Для меня балет – это красота. Для зрителя – это ещё и отдохновение. Человеку всё равно иногда хочется посмотреть на красоту тела, послушать классическую музыку. В нашем городе на балет публика ходит разная. Моя мама часто посещает спектакли и видит всех зрителей. Среди них есть место тем, кто даже не знает о постановке ровным счетом ничего. Но есть и ценители. Все они приходят отдохнуть душой. У них есть свои проблемы и переживания, а в театре они погружаются в другую реальность – красивую реальность. Они видят красоту энергии, которая должна быть, на мой взгляд, положительной. У нас в театре идёт балет «Любовь и смерть». Несмотря на то, что он заканчивается хорошо, он тяжеловат. Для меня это немного не то, я люблю больше что-то светлое. Чтобы, как в Eventual Progress, человек, уходя из театра, обретал надежду. Моя мама рассказывала, как одна из зрительниц, которая сидела рядом с ней во время одного спектакля, поделилась: «Знаете, я сегодня себя очень плохо чувствовала, приболела, и настроение плохое было, но я всё равно пришла. И после просмотра я выздоровела!» Для меня это лучшая похвала.
То есть, по-вашему, тем, кто пришел на балет, не обязательно знать имя композитора, сюжет или сколько раз исполняется фуэте?
Да, они всё почувствуют. Может быть, не объяснят что-то конкретное, но им станет хорошо после просмотра. Когда партия сложная и технически насыщенная, иногда хочется, чтобы зритель понимал это. Есть такой пируэт, когда балерина делает дубль. Это очень сложно, как фигура высшего пилотажа для лётчика. Иногда бывает обидно, что люди не понимают этого. Заходишь иной раз после вариации за кулисы, когда люди плохо похлопали, и задумываешься, что было не так. А всё было хорошо, просто люди не смогли оценить это, потому что не обладют достаточными знаниями.

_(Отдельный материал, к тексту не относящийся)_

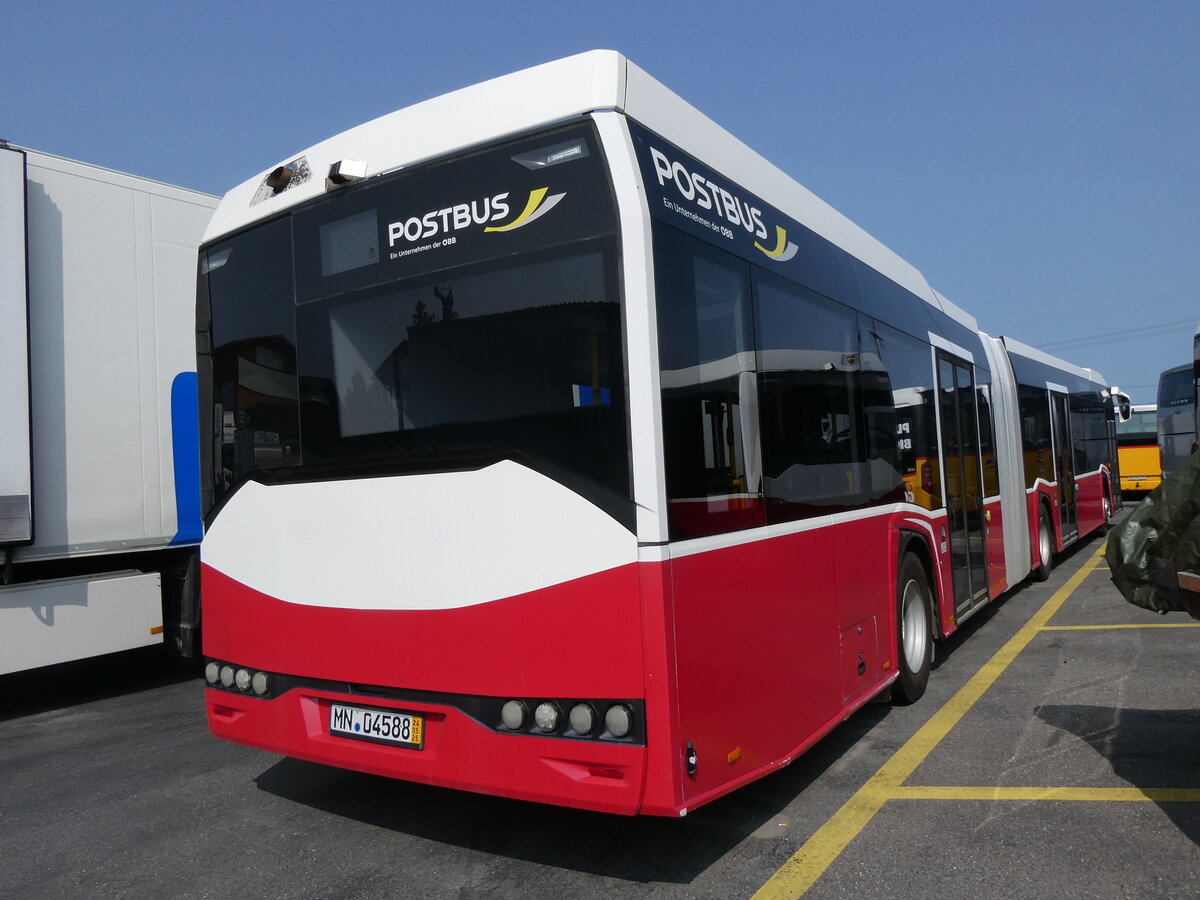 (276'525) - Aus Oesterreich: PostBus - MN 04'588 (BD 15'717) - Solaris am 9. Juni 2025 in Kerzers, Interbus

Сложно ли балерине натренировать память тела, чтобы безупречно исполнять несколько партий в сезон?
В классике всё строится на основных движениях. Всё сложное и важное учится в десять лет, а потом остаётся в крови. Если спектакль не исполнялся очень долго, то можно что-то забыть. Его трудно потом восстановить, но тут всё зависит от артиста. Есть популярное мнение, что балерины недалекие: работают только ногами и не думают головой. Люди глубоко ошибаются, у артистов идёт такой мыслительный процесс! Это как у шахматистов, которые просчитывают несколько ходов вперёд. Вы только представьте: чтобы первый раз сделать движение, его нужно сначала просчитать в голове. Ты должен увидеть себя со стороны, а потом заставить своё тело двигаться именно так, как нужно. Для мозга это тяжёло. Тем и отличается спорт от балета: спортсмену необходимо только оттачивать движения, важны только тренировки. У нас нет второй попытки – упал – ничего уже не сделаешь. Когда спектакль танцуешь редко, например, раз в год, нужно помнить замечание педагога, которое он тебе говорил год назад, иначе не будет улучшений и придётся топтаться на одном и том же месте. Это плохо, потому что балерине нужно обязательно развиваться.
Елену Соболеву можно увидеть на сцене Театра оперы и балета 19 октября в серии одноактных балетов En Pointe, где она станцует главную партию Пахиты и соло в спектакле Eventual Progress («Необратимый прогресс»). В конце месяца, 25 октября, Елена исполнит главную партию Байджан в балете «Любовь и смерть».